Proposed Research Agenda

Further research on all aspects of the disease is needed to elaborate on the mode of infection (especially concerning the rate of asymptomatic patients), different genetic susceptibilities, virus genomic sequence, and beneficial treatments.

The high prevalence of COVID-19 in some nations compared with others may inform the relationship between people’s genetic makeup and disease susceptibility.

Plant or microbial natural products such as glucosinolate, flavones, and sulfated nitrogenous compounds could be promising for future research against the coronavirus family.

Complementary Treatment Candidates

Punica granatum (pomegranate), Peganum harmale (harmel), Eriobotrya japonica Lindl. (loquat), Urginea Scilla steinh (red squill), Artemisia annua (anuual wormwood), Allium porrum (leek), Allium ursinum (wild garlic), Allium sativum (garlic), Colocasia esculenta (cocoyam), Phragmites australis (common reed), Morus nigra (blackberry), Vitis vinifera (grape seeds), Glycine max (L.) Merr (soybean), Plantago asiatica (Chinese plantain), Clerodendrum trichotomum (peanut butter tree), Markhamia lutea (Nile tulip), and Eleutherococcus senticosus (Siberian ginseng) may be contemplated as source materials for scientific and clinical studies, as they could help in the development of cheap, effective, protective, complementary medicine in the African region.

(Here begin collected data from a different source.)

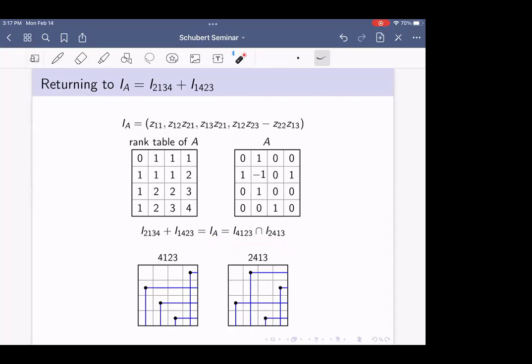Alternating sign matrix varieties are the ideals describing anything characterized by northwest rank conditions, and we can study them partly because they decompose as intersections of Schubert determinantal ideals. Alternating sign matrices didn't just come out of nowhere — they've been around for a while. They show up in statistical mechanics and are of great interest in enumerative combinatorics. Counting alternating sign matrices was a big result in the 1990s, with competing proofs by Zeilberger and Kuperberg.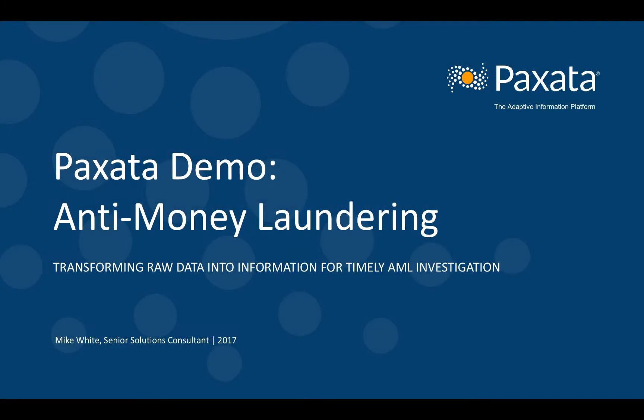In this demonstration, we will show you how Paxata's adaptive information platform will transform raw data into information to support a timely and accurate AML investigation.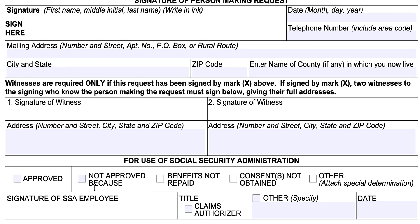At the bottom, you'll see a section for use of the Social Security Administration. You should not touch this. The SSA employee will check the appropriate box — either approved, or not approved because of a specific reason. The reasons for non-approval could be that you have not repaid your benefits yet, that consent required from other individuals was not obtained, or if there's another reason, they would attach paperwork to that.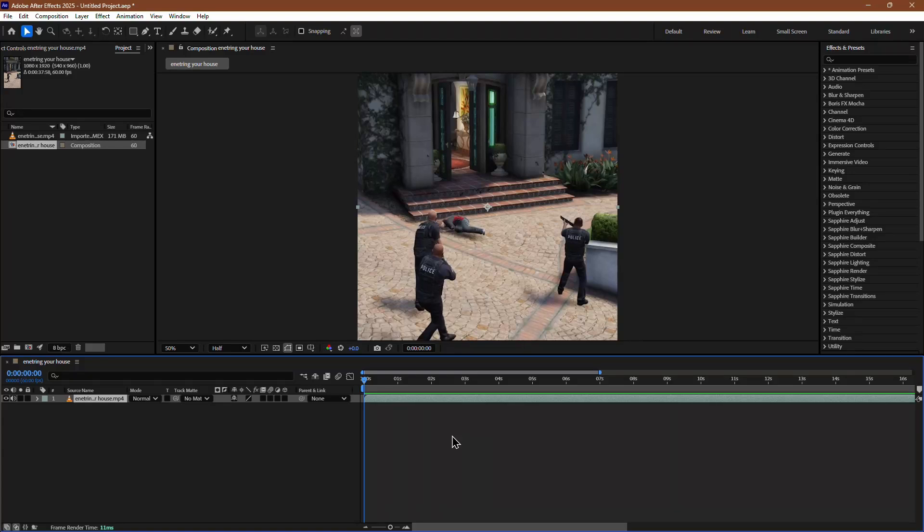In this video, I will show you how to remove background music in After Effects. Start by opening your project in After Effects.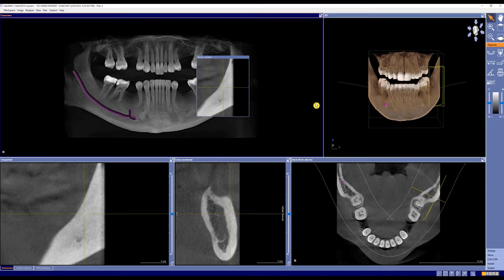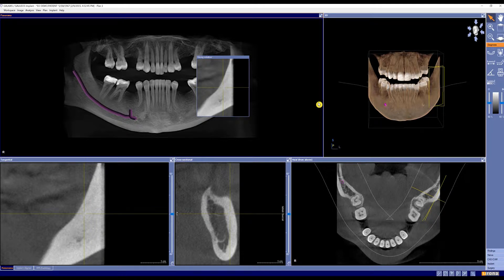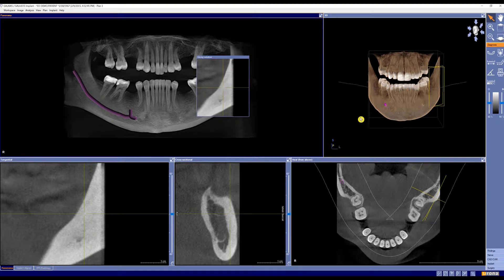Now let's go through an implant process when we plan from the crown down. This is a unique workflow from Dentsply Sirona, and to do so, we'll need to pull in an SSI file from your CEREC Acquisition Unit. Let's start by going to the right side toolbar and down to CAD CAM.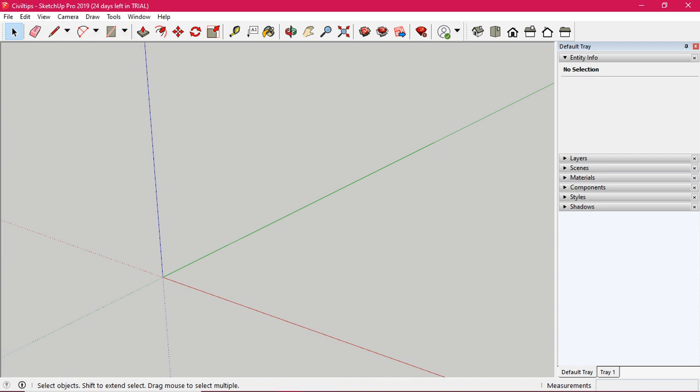Hi friends. In this sketch, you can see three lines here. First, this is the red line — this is the X-axis. The green line is the Y-axis, and the blue line is the Z-axis.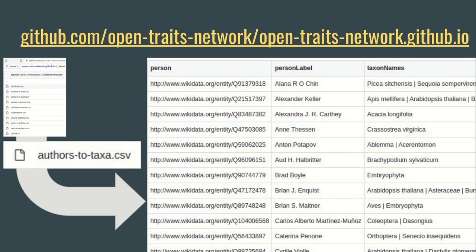An example is the interactions between people and taxa — the species or other biological groupings they've worked with. Here, for the number of Wikidata entries, we are listing the label — essentially the name of the person, all Open Trades Network members — and then the species or other biological entities they've worked with, according to the publications indexed in Wikidata.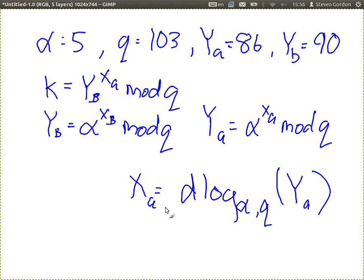You could solve it in this case because our numbers are small — you could try a brute force approach: you know alpha is 5, Q is 103, YA is 86. Try different values of XA until 5 raised to that power mod 103 equals 86. But if we have large enough numbers, solving this is too hard. Hence K remains secret. So that's why Diffie-Hellman works — it's quite simple, a way to exchange a secret between two users.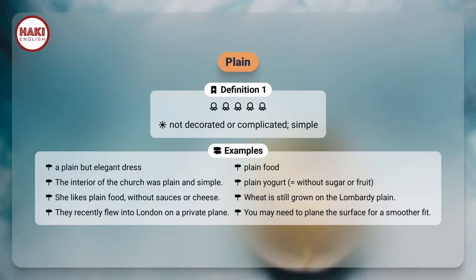Examples. A plain but elegant dress. Plain food. The interior of the church was plain and simple. Plain yogurt equals without sugar or fruit. She likes plain food without sauces or cheese.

Therefore, we invite curious researchers to carry out detailed studies on nation medicinal plants and food.

The herbal formula PM014 and preparation Echinaforce could be helpful remedies against COVID-19. Clinical trials are recommended on the bases of previous art.

Drugs Need Further In Vitro, In Vivo, and In-Clinic Studies

Supplemental market products such as fluphenazine, toremifene, amodiaquine, mefloquine, monensin, and tamoxifen may demonstrate supportive effects against COVID-19. Future clinical studies are recommended to investigate their possible role in the prevention and treatment of SARS-CoV-2 respiratory viral infections.

Our obtained preliminary results from docking analysis revealed that sinigrin, scutellarin, and baicalin could have direct anti-SARS-CoV-2 activity through inhibition protease enzymes and may be considered potential candidates against COVID-19. Interestingly, the ADMET results of sinigrin showed good bioavailability.

General Recommendation

Additional studies should also test the possibility of combining available recommended treatments with other natural agents or with repurposed standard therapeutics, as a multitarget therapy could help in reducing the risk of generating drug-resistant viruses.

The authors wish to expand this research area not only for scientific soundness but also for potential druggability.

Declaration of Conflicting Interests

The authors declared no potential conflicts of interest with respect to the research, authorship, and/or publication of this article.